#### EXERCISE INSTRUCTIONS:
Could you write out every record below exactly, leaving out any pictures?

Segment Start: DATA FOR ANALYSIS

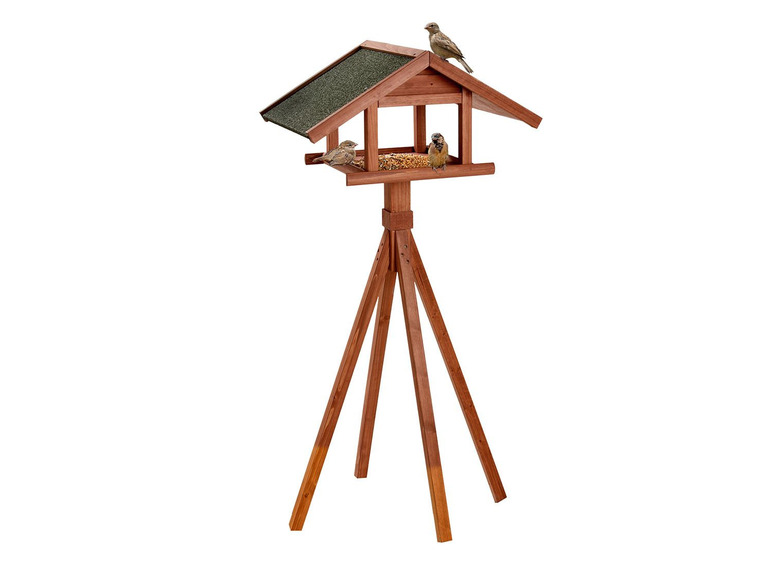 Karlie Bird's World Wild Remo Fabrikpreis
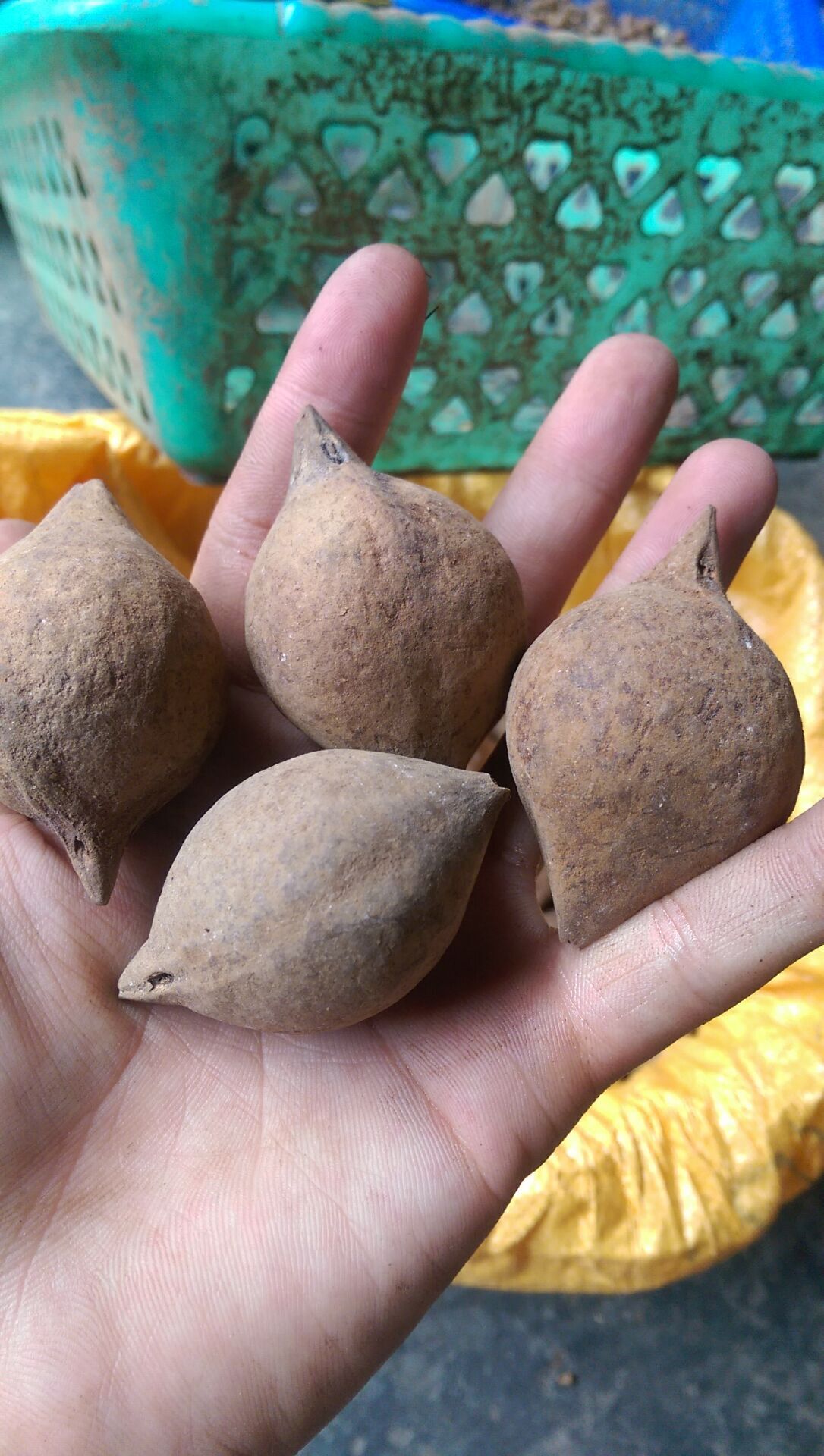 厂家供应天然大橄榄核原料批发直径30mm以上 手把件 一手货源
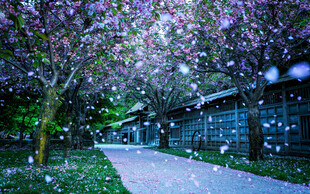 樱花树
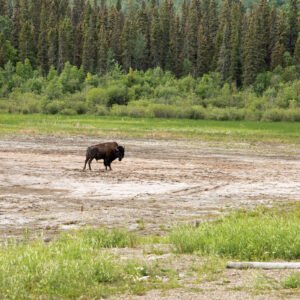 The bull of the heard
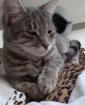 Bunny lieb verschmust und so was von verspielt aus dem Tierschutz / gechipt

Segment End: DATA FOR ANALYSIS

#### RESPONSE:
 Karlie Bird's World Wild Remo Fabrikpreis
 厂家供应天然大橄榄核原料批发直径30mm以上 手把件 一手货源
 樱花树
 The bull of the heard
 Bunny lieb verschmust und so was von verspielt aus dem Tierschutz / gechipt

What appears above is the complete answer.